The critical zone is the thin layer of the planet’s surface that stretches from the roots of drinking water aquifers to the tops of plants and trees. It supports and sustains animal and plant life by regulating the flow of water, greenhouse gases, nutrients and energy.

Access to food, drinking water and clean air depend on a well-functioning critical zone, but decades of human activity have degraded the zone’s condition around the world. A new paper has shown how the critical zone can be better managed and protected.

Professor David Oliver of the University of Stirling’s Faculty of Natural Sciences is among a team of researchers who contributed their expertise, which is based on their experience of working with farmers on land heavily altered by human activity.

Professor Oliver said: “Valuing local knowledge as expert data is crucial for helping to deliver successful critical zone science, enabling a more integrated approach to environmental management that recognises and responds to human influences in the landscape.

“Such advances in critical zone science help to support the decisions made by those responsible for protecting our land, air and water resources.”

The team’s insights are summarised in a new diagram, which seeks to visually convey human impact on the Earth’s critical zone more clearly than ever before.

Critical Zone diagram

The new diagram (on the right) seeks to visually convey human impact on the Earth’s critical zone. It is intended to replace the widely used diagram (on the left).
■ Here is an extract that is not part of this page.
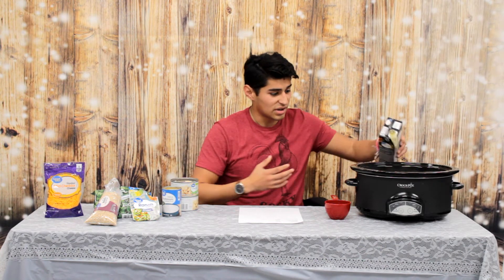Moving on to dinner — arguably the best meal of the day. We decided to demonstrate a slow cooker chicken and rice. Everything you see here costs about ten dollars and ninety-three cents, and you're going to get six to eight servings or more. To start, dump all of your chicken broth — which costs about a dollar twenty-two — inside your crock pot.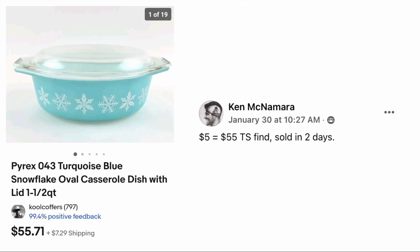And finally, Ken McNamara paid five dollars, sold for fifty-five dollars in two days — Pyrex turquoise blue snowflake oval casserole dish with lid in beautiful pristine condition. I have yet to find any Pyrex in this kind of condition; most of the decorative or vintage Pyrex I encounter is in pretty bad shape. Kudos to you, Ken, for finding this beautiful item — five dollars, sold for $55.71.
The researchers suggest that the new diagram should replace a widely used, more simplified graphic, introduced in 2007, which focused on the natural processes that shape the critical zone without addressing human impact on landscapes.

The new diagram is intended for use by academics across a range of fields for research and teaching purposes, by government agencies that fund science and landscape management, and in fundamental teaching resources such as textbooks. It more clearly shows how human activities like farming, mining, forestry and industry can contaminate water, cause soil erosion, and pollute the atmosphere.

The research is published in the journal Earth’s Future. A second paper, published simultaneously in the same journal, further outlines lessons from the researchers’ work with smallholder farmers in China and suggests new social science approaches to understanding the learning preferences of local people involved in Critical Zone Observatories.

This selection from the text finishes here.